As a child I remember sitting through it numerous times and finding it too amusing to skip over on television. “House Party” is your formula coming of age film in the tradition of films like “American Graffiti” and “Dazed and Confused.” It’s set in one night, involves characters coming of age, has a really good soundtrack and is filled with memorable moments that will have you laughing non-stop. From the subtle gems like supporting character Sharane’s little brother dousing kool aid with sugar, to the rap battle between Kid and Play, there’s a lot to like here. Thankfully almost fifteen years later, the film hasn’t lost its charm. The dated music and fashion works in its favor, because you have to take it in context. And if you grew up poor as I did, the jokes work even more in your favor.
Kid n Play aren’t the comedy duo to storm the movies that audiences originally thought they’d be, but they pretty much dominate the “House Party” vehicles which are custom made for them as a means of injecting them in to more mainstream crowds. The premise for the film is simple. Kid gets in to a fight at school with the local bully and is grounded by his domineering father. In spite of the strict punishment he sneaks out to his friend Play’s local house party and now his dad is hot on his heels trying to track him down. Along the way hijinks ensue including crashing an upper crest gathering with George Clinton as the DJ, interrupting a love making session, and much more that are pretty much about as raucous as ever.
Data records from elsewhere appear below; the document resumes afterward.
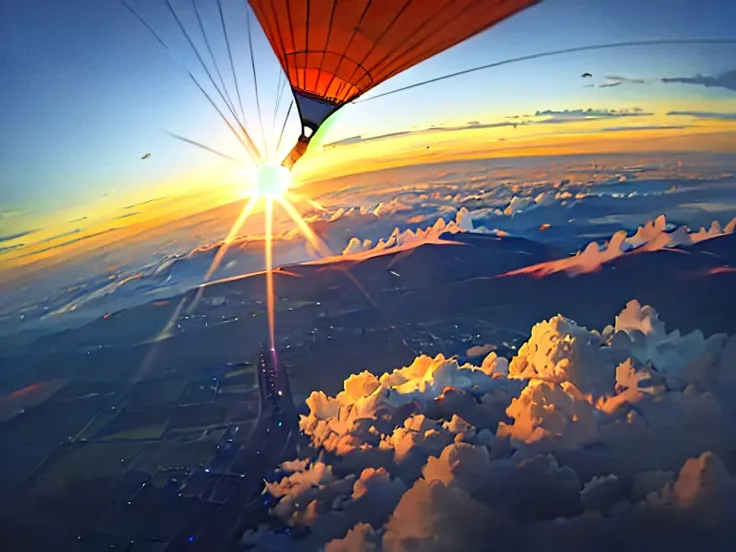 Blue Hour,View from the sky,dawn,Light of the sun,dazzling,The view from the parachute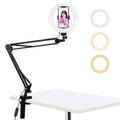 PULUZ 7.9 inch 20cm Ring Curved Light + Desktop Arm Stand USB 3 Modes Dimmable Dual Color Temperature LED Vlogging Selfie Photography Video Lights with Phone Clamp(Black)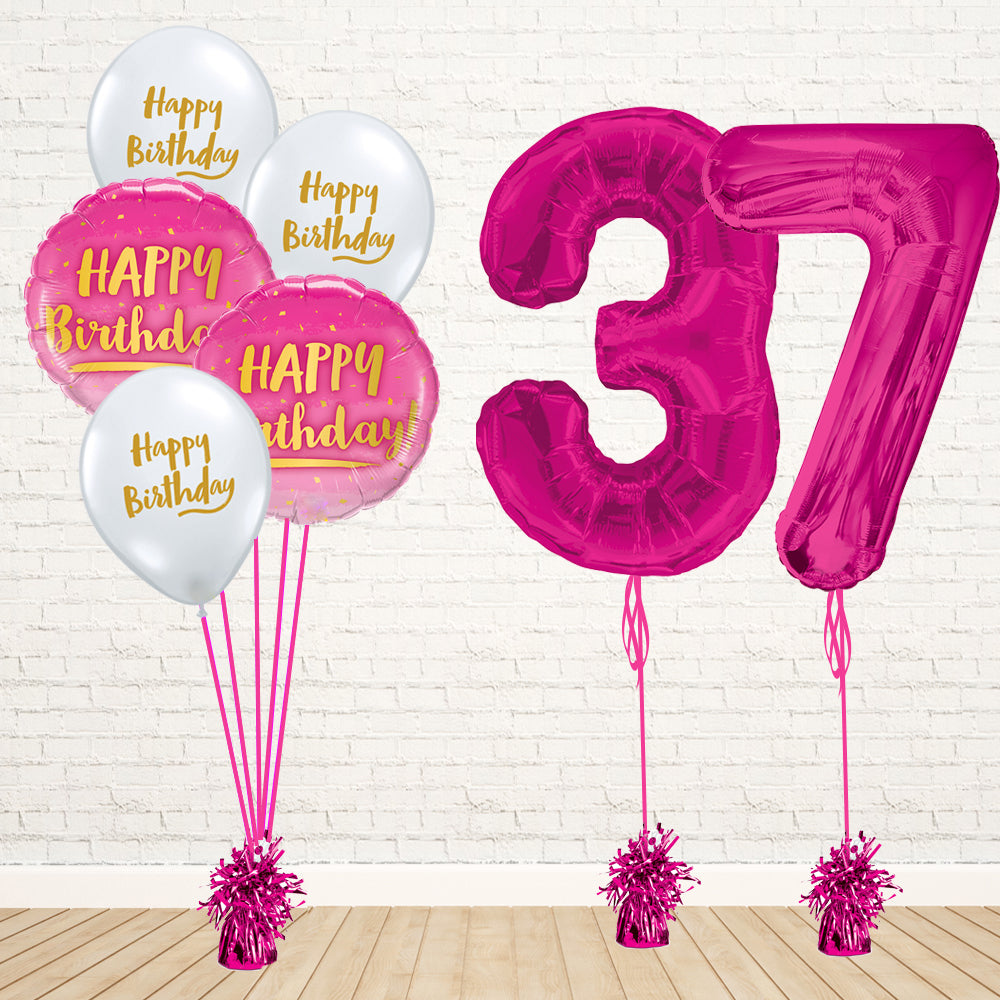 Hot Pink Number Birthday Package - PartyFeverLtd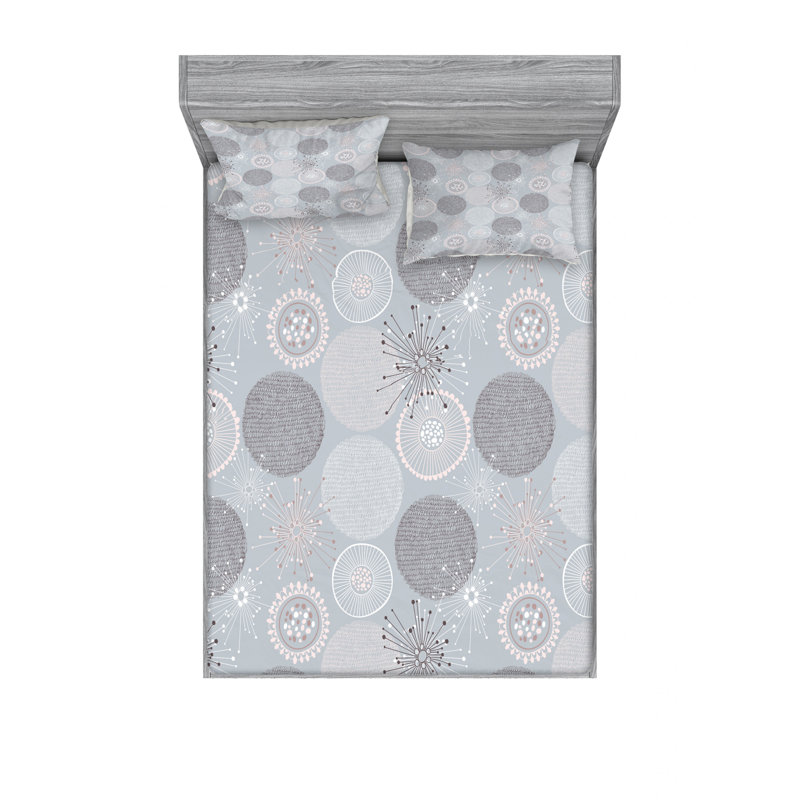 Ensemble de draps ronds ronds circulaires tons, Ensemble de drap pour grand lit avec drap-housse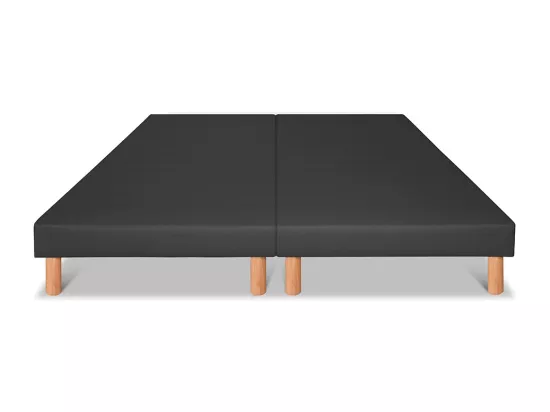 BELLECOUR LITERIE | Jeu de 2 sommiers tapissiers CAPUCINE 2x90x200 cm | Epaisseur 13 cm | Gris anthracite (pieds inclus)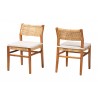 Baxton Studio bali & pari Chatura Natural Rattan and Mahogany Wood 2-Piece Dining Side Chair Set - angled
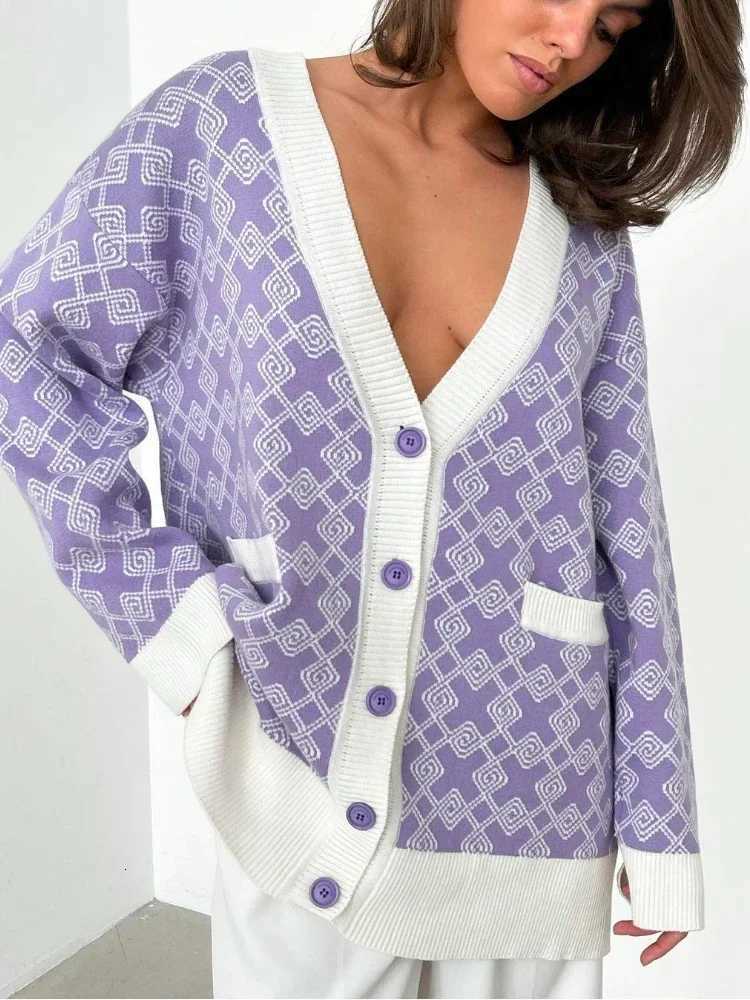 Womens Korean Fashion Oversize Knit Cardigan Jacquard Contrast Loose Mid-Length Cardigan Coat for Autumn/Winter 2025T251125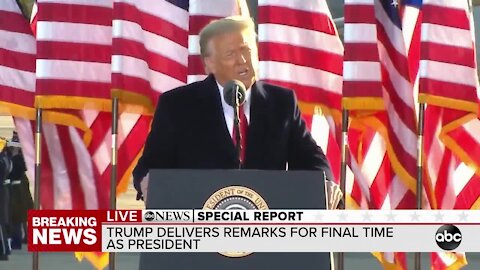 President Trump speaks from Joint Air Base Andrews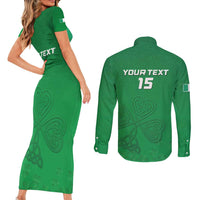 Ireland Rugby Custom Couples Matching Short Sleeve Bodycon Dress and Long Sleeve Button Shirt Celtics Shamrock - Wonder Print Shop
Mostly though the show is in the house party where Kid and Play are able to display their charm and charisma taking part in a dance contest with equally charming Tisha Campbell and AJ Johnson, and engaging in a rap battle that is still as sharp and clever as it was in the early nineties. And who can forget the hilarious supporting performance from Martin Lawrence? Thankfully “House Party” sticks to the formula well and doesn’t lose sight of its overall premise, even after the house party ends by the time the climax rolls around, and I’m gladly a fan of the film, not just because it has sentimental value, but because it has value as a comedy and an inadvertent musical. Even though the fashion and slang has dated like store bought bananas,
“House Party” is still an energetic and hilarious party film with charming stars, a killer soundtrack, and some great moments that adhere to the formula and pull off a rewarding experience.